Here is our new baby boy! We just picked him up yesterday. His full name is Maxin' & Relaxin' which was thought of by our 3 year old little girl.


----------



## Pamela (Sep 9, 2008)

so cute! love poodle puppies!


----------



## Trillium (Sep 1, 2009)

Aww you must be so happy to have him home. Love the name. He's cute.


----------



## Birdie (Jun 28, 2009)

He's adorable!  Love the name, too.


----------



## CharismaticMillie (Jun 16, 2010)

Max!!!!!! Love the name  I had a pony as a child named Max. He was a red rone and your pup fits the name Max perfectly


----------



## pudel luv (Jan 23, 2010)

MAX is a doll ... look at that sweet little face. Where is he from?

We also have a redhead ... Toulouse will be 6 yrs. this month.

Enjoy your little bundle of love .


----------



## 1Jurisdiva (May 4, 2010)

Max is just adorable! Congratulations!


----------



## partial2poodles (Feb 11, 2010)

Meet my new puppy madison.


----------



## jester's mom (Nov 25, 2008)

Congrats on your new baby!
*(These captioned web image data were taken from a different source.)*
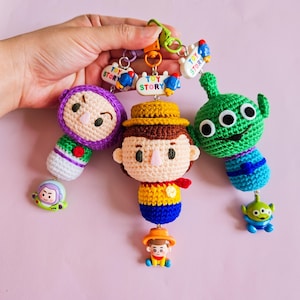 May include: Three crocheted Toy Story characters: a purple and green Buzz Lightyear, a brown and yellow Woody, and a green alien with three eyes. Each character has a smaller version of themselves attached to the bottom. The characters are attached to a keychain with a "Toy Story" charm.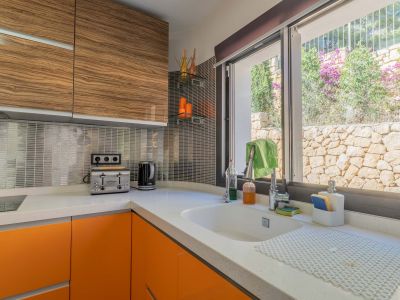 Moderne keuken met wit kwartswerkblad, oranje onderkasten en bovenkasten met houtnerf. Het raam biedt uitzicht op een natuurstenen muur en weelderig groen.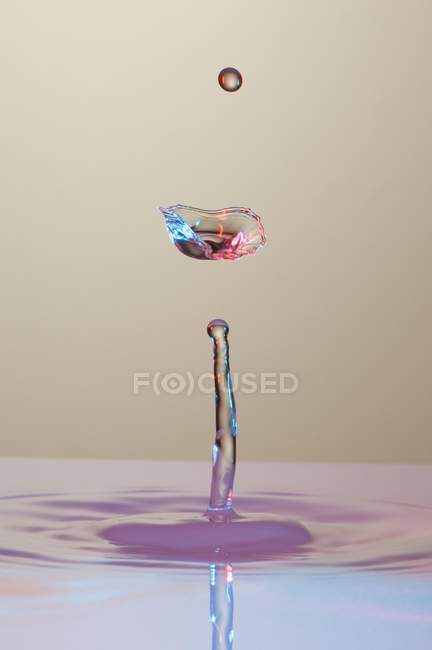 Closeup tiro de respingo de líquido transparente de cor no fundo cinza — Fotografia de Stock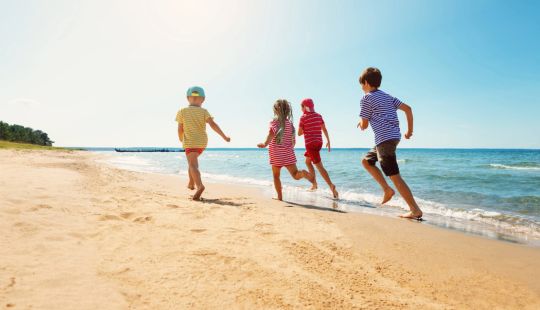 Kinder spielen am Strand von Zinnowitz sicher mit dem Kindersucharmband – hier findet ihr alle Infos für einen sicheren Familienurlaub!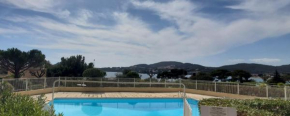 Bright cocoon with pool - facing the sea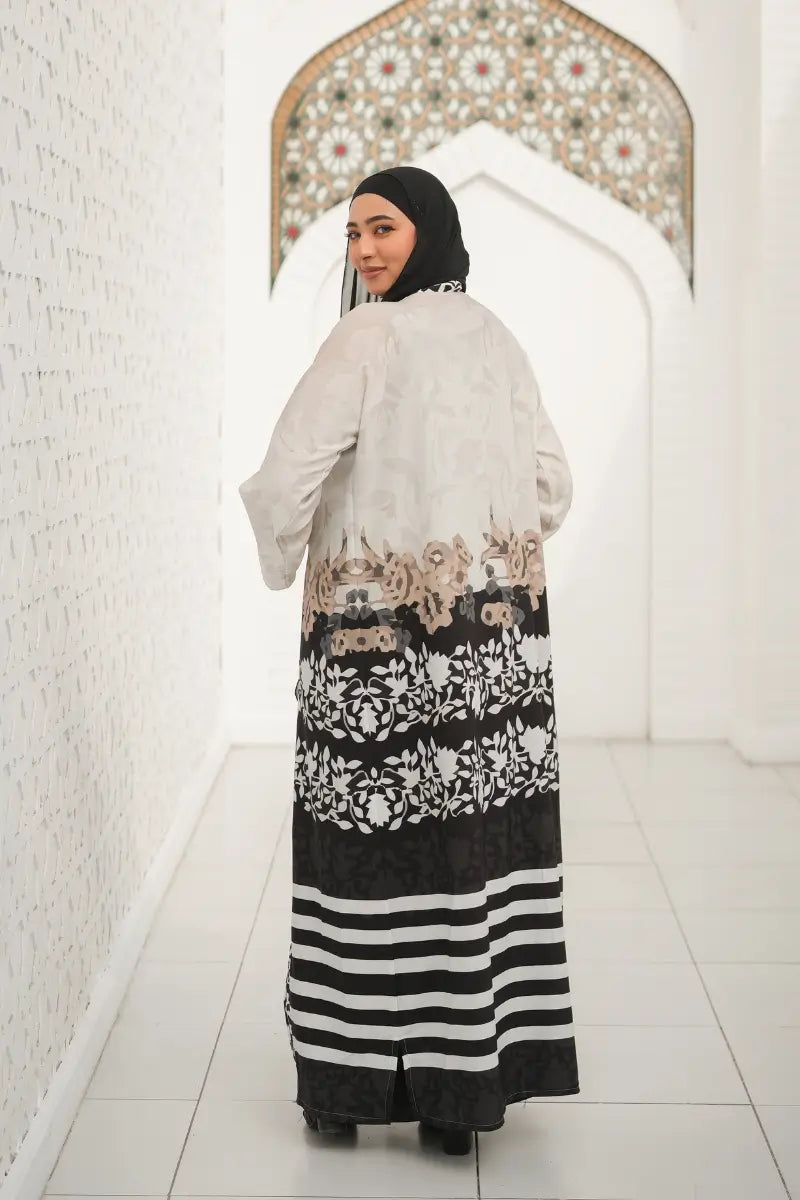 Back view of the Elegant Floral Printed Abaya, showcasing its flawless fit and premium silk and cotton blend fabric.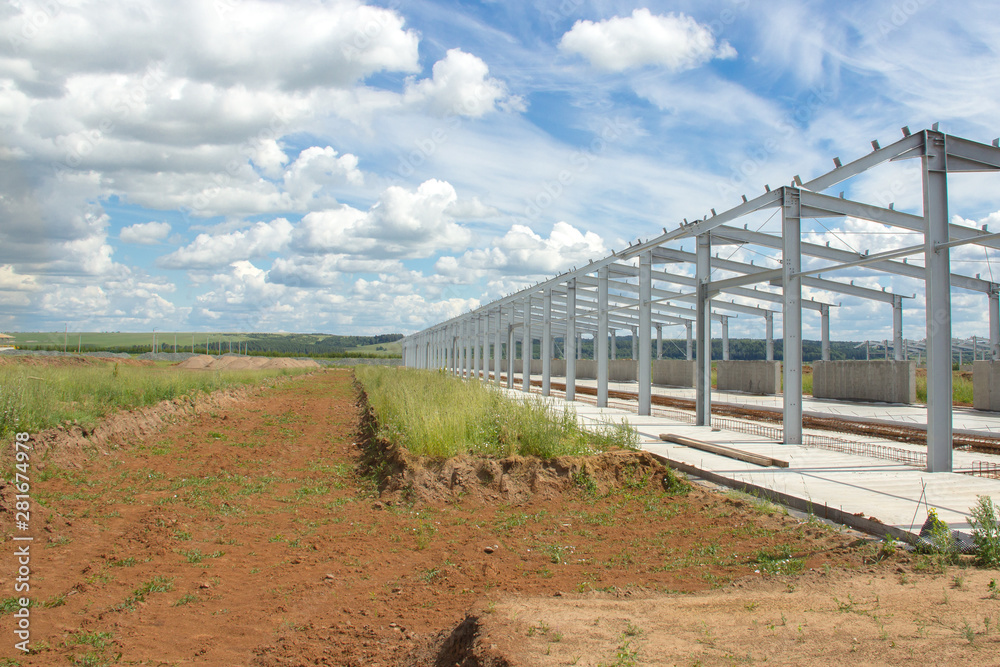 Metal construction on a concrete base. Construction of prefabricated buildings and structures for agriculture.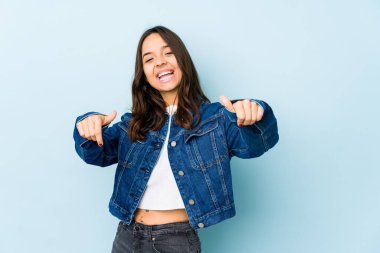 Latin kökenli genç bir kadın kendini soyutlamış. İki parmağını da kaldırmış, gülümsüyor ve kendinden emin..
Love that name....lol!


----------



## Chagall's mom (Jan 9, 2010)

What a precious bundle of fluff! I'm sure he'll have MAXimum fun and love forever more. Enjoy him!!


----------



## spoospirit (Mar 10, 2009)

_The next time I need to name a dog, I'm going to call your three year old!! Great name and sweet little fellow. I'd love to put my finger tip on the end of his nose. I don't know why, but I love to do that to little animals.
_


----------



## Penjilum-Poodles (Apr 17, 2010)

Such a cutie, love the name! Congrats!


----------



## Skye (Feb 19, 2010)

Aw, Max looks like such a sweetie! So fun!


----------



## HiSocietyPoodle (May 2, 2010)

So so cute...


----------



## RedPoodleFamily (Aug 22, 2010)

pudel luv said:


> MAX is a doll ... look at that sweet little face. Where is he from?
> 
> We also have a redhead ... Toulouse will be 6 yrs. this month.
> 
> Enjoy your little bundle of love .


We got him from a breeder in Georgia. It took me forever to find some that were close to us (in TN). I found them in the beginning of the year and put a deposit down right away, even though I knew it would be 9 months before we got him!


----------



## RedPoodleFamily (Aug 22, 2010)

Thank you all for your wonderful comments! We are so excited to have him home with us. He's been having a great time too; he's already latched on to Bella (our 3 year old daughter). They were playing yesterday while she was still in her pj's and he was tugging on her pants; we had our very own "coppertone baby" moment! :rofl:


----------



## yigcenuren (May 3, 2009)

So sweet! How old is he?


----------



## penny_ann (May 29, 2010)

So cute! Just wanna cuddle with him.


----------



## RedPoodleFamily (Aug 22, 2010)

yigcenuren said:


> So sweet! How old is he?


He was 8 weeks old this past weekend.


----------



## spoo novice (Mar 22, 2013)

He is precious!


----------



## CT Girl (Nov 17, 2010)

Bella is very creative, love his name. He is adorable. Take lots of pictures, a three year old and a puppy you can't ask for better than that.


----------



## Lene (Jan 18, 2013)

This thread is from 2010...


----------



## PaperBeau (Apr 18, 2013)

ADORE-able SO CUTE.. OMD.. Can I have a cuddle?


----------



## Lou (Sep 22, 2012)

So cute!!!


Sent from Petguide.com Free App


----------



## Jacamar (Jun 2, 2012)

What a cute ball of fluff!


----------



## Pamela (Sep 9, 2008)

oh isnt he just adorable! so cunnin - I love that his face isnt shaved - it makes him look more like a puppy! cute!


----------



## Pamela (Sep 9, 2008)

Lene said:


> This thread is from 2010...


are you sure?- well if so lets see him now! he must be a handsome boy!


----------